Elle découvre que le signe « sofigram », correspondant à sa marque, sa dénomination sociale et son nom de domaine, est utilisé dans le cadre d’une campagne de « backlinks » par une société anglaise concurrente.

Les liens retours (backlinks) sont des liens hypertextes pointant vers un site ou une page web. Ils sont basés sur un mot clé (appelé « ancre ») figurant au sein d’un site et qui, en association avec l’adresse d’un site, permettent à l’internaute de naviguer de site en site par un système de renvoi.

S’ils ont pour vocation de permettre une navigation simplifiée pour l’internaute et, partant, une meilleure appréhension du contenu du web, les backlinks constituent également un outil essentiel dans le cadre de l’optimisation du référencement d’un site web sur les moteurs de recherche : plus une page comporte de liens retours, plus elle sera considérée comme pertinente par les moteurs de recherche et meilleur sera son positionnement.

C’est le cas, en l’espèce, la société Softbox Systems apparaissant en troisième position sur le moteur de recherche Google.com et en cinquième position sur le moteur de recherche Google.fr sur la requête « Sofigram ».

Après une mise en demeure infructueuse, la société Sofigram assigne son concurrent, ainsi que le prestataire d’optimisation de référencement de ce dernier, sur le fondement de la contrefaçon de marque et de la concurrence déloyale et du parasitisme économique.

Déboutée en première instance, la société Sofigram interjette appel du jugement. Par arrêt du 28 avril 2014, la Cour d’appel de Paris a logiquement confirmé le rejet des demandes formées au titre de la contrefaçon de marque, aux motifs :

  • que l’utilisation d’un signe dans le cadre de backlinks ne constituait pas un usage de ce signe à titre de marque pour des produits et services, étant au surplus relevé que le site vers lequel pointaient les liens était un site non marchand ;
  • les liens associés au mot « Sofigram » étaient pour l’essentiel invisibles et donc insusceptibles de générer un risque de confusion dans l’esprit de la clientèle.

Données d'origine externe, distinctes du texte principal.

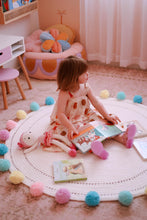 Load image into Gallery viewer, LOLA - Nursery & Kids Bedroom Rug - Pastel Round Pom Pom - 120cm
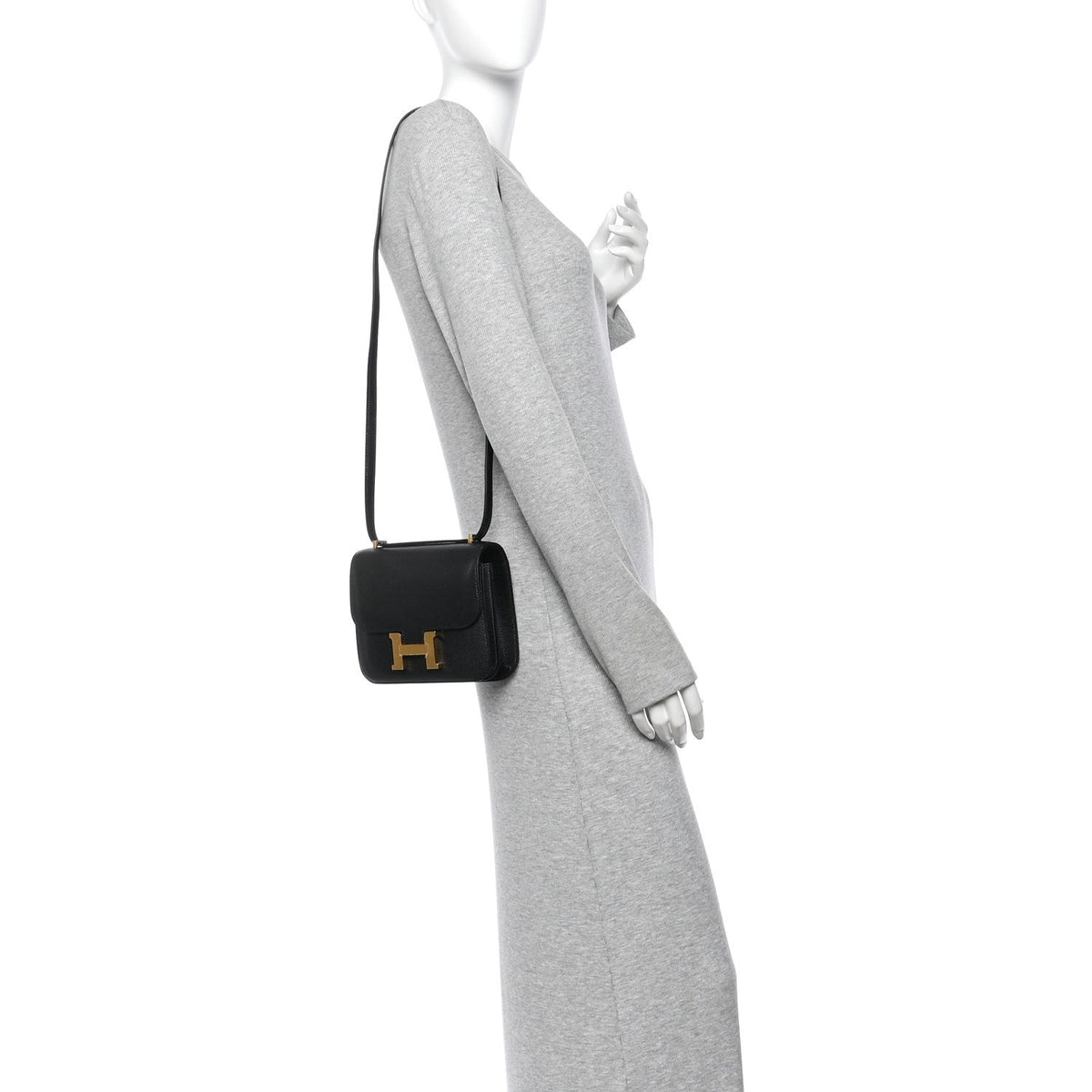 Hermes Chevre Mysore Constance 18 Black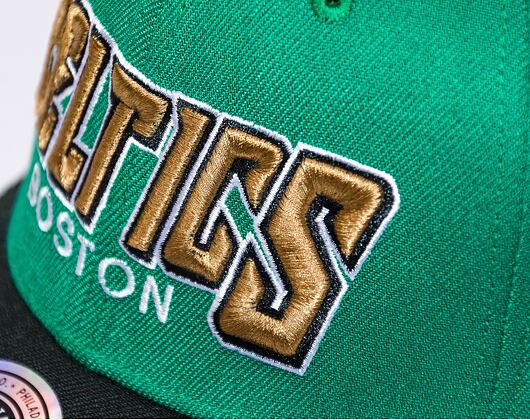 Kšiltovka Mitchell & Ness SHREDDER STRETCH SNAPBACK HWC Boston Celtics Green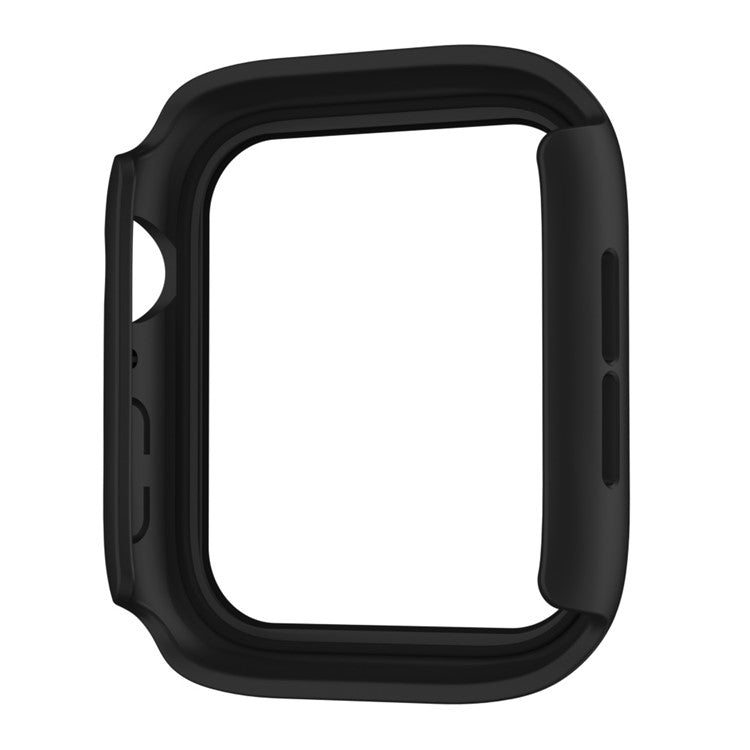 IP68 Waterproof Watch Case for Apple Watch Series 9 / 8 / 7 41mm , Tempered Glass Screen Protector PC Watch Cover - Black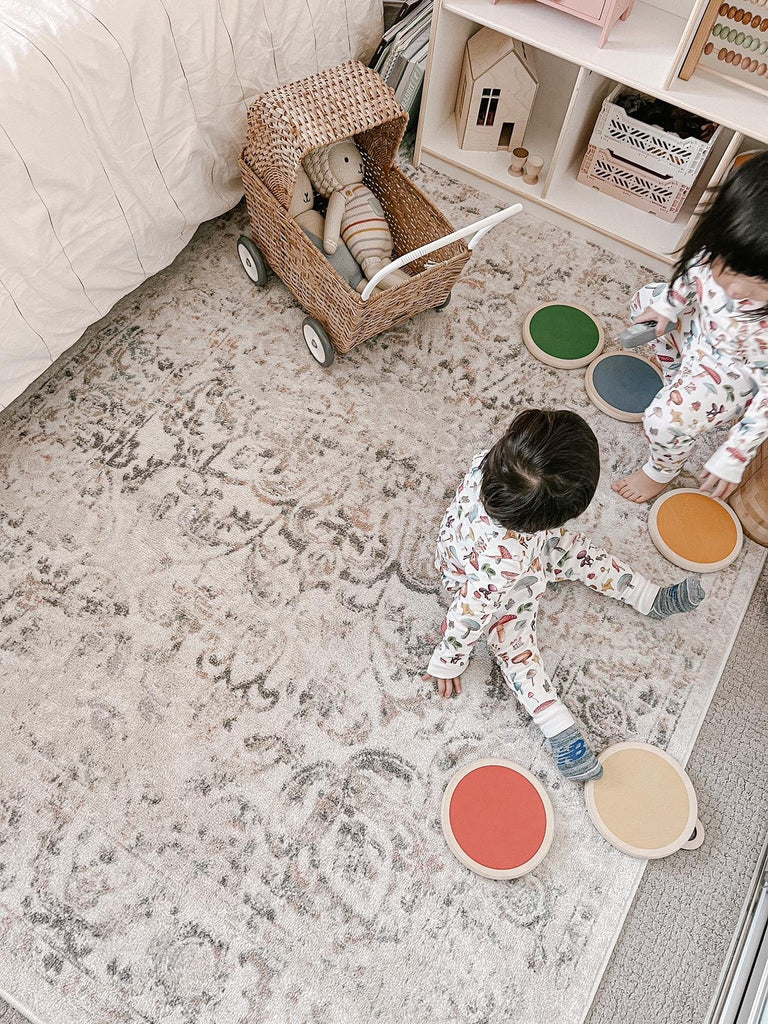 Elouise Cream And Grey Multi-Colour Traditional Floral Rug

La Cour retient néanmoins le grief de concurrence déloyale et parasitaire, retenant qu’ « en utilisant la dénomination sociale et le nom de domaine d’une société concurrente sous la forme d’un mot clé, utilisé, de façon intense, dans le cadre de création de backlinks, lors de requête de recherches naturelles, à l’effet de tromper le moteur de recherche, [la société Softbox Systems avait] provoqué, de ce seul fait, un détournement déloyal de clientèle du site qui risque d’être moins visité, ainsi qu’une utilisation parasitaire de l’investissement effectué par la société Sofigram créée antérieurement largement connue dans le marché considéré, en augmentant de façon détournée ainsi sa visibilité ».

La solution rendue ne permet sans doute pas de conclure à la concurrence déloyale et/ou parasitaire par la simple utilisation d’un signe distinctif identique à celui d’un concurrent pour promouvoir ses propres produits, solution qui apparaitrait contraire au principe de liberté du commerce. Néanmoins, au cas d’espèce, la faute est constituée, par :

  • l’utilisation intensive du signe distinctif d’un concurrent ;
  • largement connu sur le marché en question ;
  •  avec pour résultat de tromper les moteurs de recherche dans le cadre du référencement naturel.